Assigned task —
Among the lines below, restate word for word only those from the line with "Meowy Christmas Cat" through the line with "Verdusa Women's Flat", with both end lines kept.

Supplied material —
---

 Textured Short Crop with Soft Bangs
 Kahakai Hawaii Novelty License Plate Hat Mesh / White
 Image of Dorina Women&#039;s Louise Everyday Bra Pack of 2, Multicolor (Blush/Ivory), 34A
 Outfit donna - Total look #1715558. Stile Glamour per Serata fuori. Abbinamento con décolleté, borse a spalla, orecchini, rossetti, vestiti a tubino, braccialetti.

---

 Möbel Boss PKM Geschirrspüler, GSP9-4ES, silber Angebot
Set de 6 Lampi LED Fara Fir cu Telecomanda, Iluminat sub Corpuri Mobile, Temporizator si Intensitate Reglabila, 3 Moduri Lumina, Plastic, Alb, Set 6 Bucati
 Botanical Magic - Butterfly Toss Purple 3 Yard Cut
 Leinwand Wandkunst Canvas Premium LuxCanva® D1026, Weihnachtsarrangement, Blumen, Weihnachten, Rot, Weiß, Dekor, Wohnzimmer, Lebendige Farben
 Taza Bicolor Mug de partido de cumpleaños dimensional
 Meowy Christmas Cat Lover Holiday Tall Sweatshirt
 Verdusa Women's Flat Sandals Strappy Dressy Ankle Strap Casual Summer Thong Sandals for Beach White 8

---

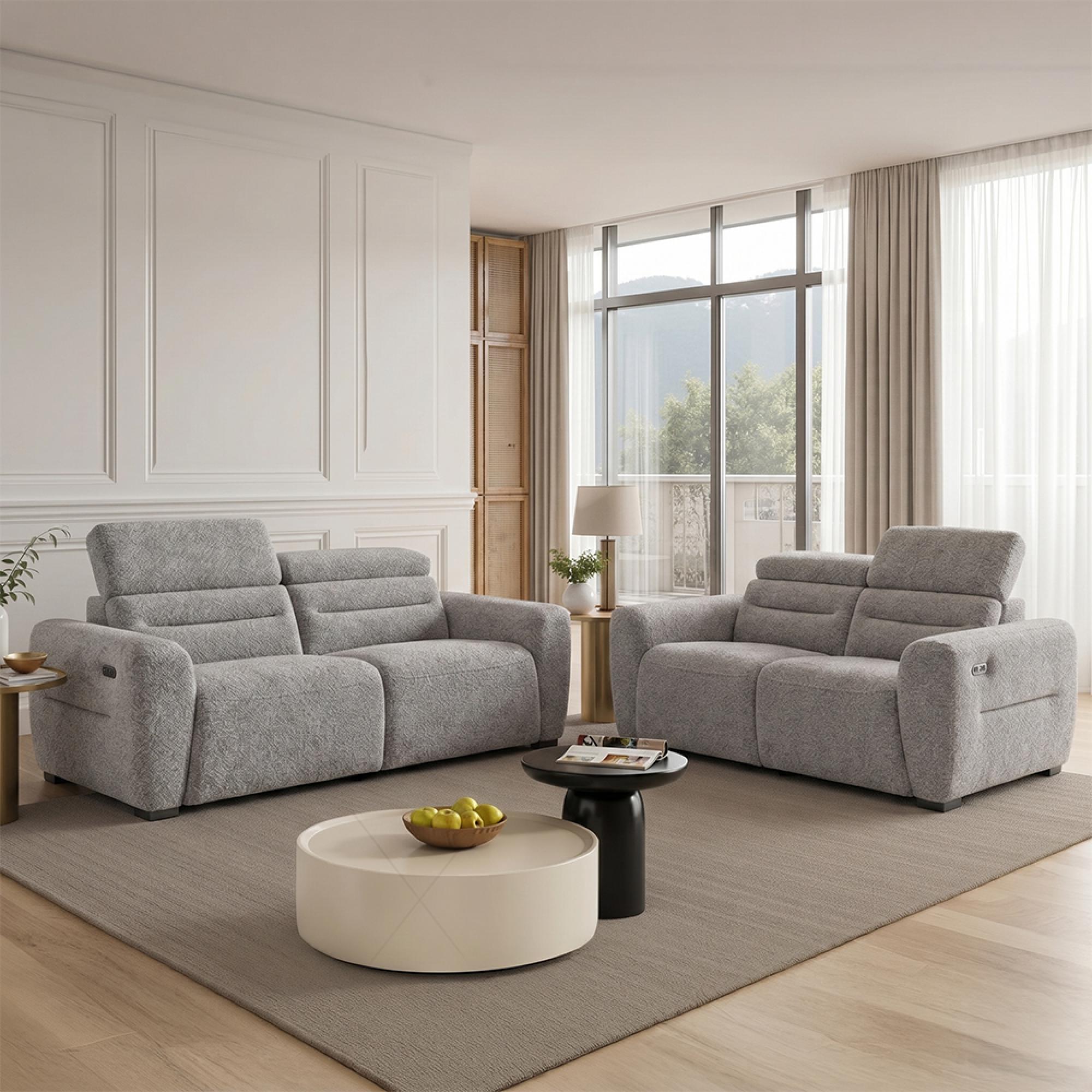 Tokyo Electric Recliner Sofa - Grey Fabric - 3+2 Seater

---

Task answer —
 Meowy Christmas Cat Lover Holiday Tall Sweatshirt
 Verdusa Women's Flat Sandals Strappy Dressy Ankle Strap Casual Summer Thong Sandals for Beach White 8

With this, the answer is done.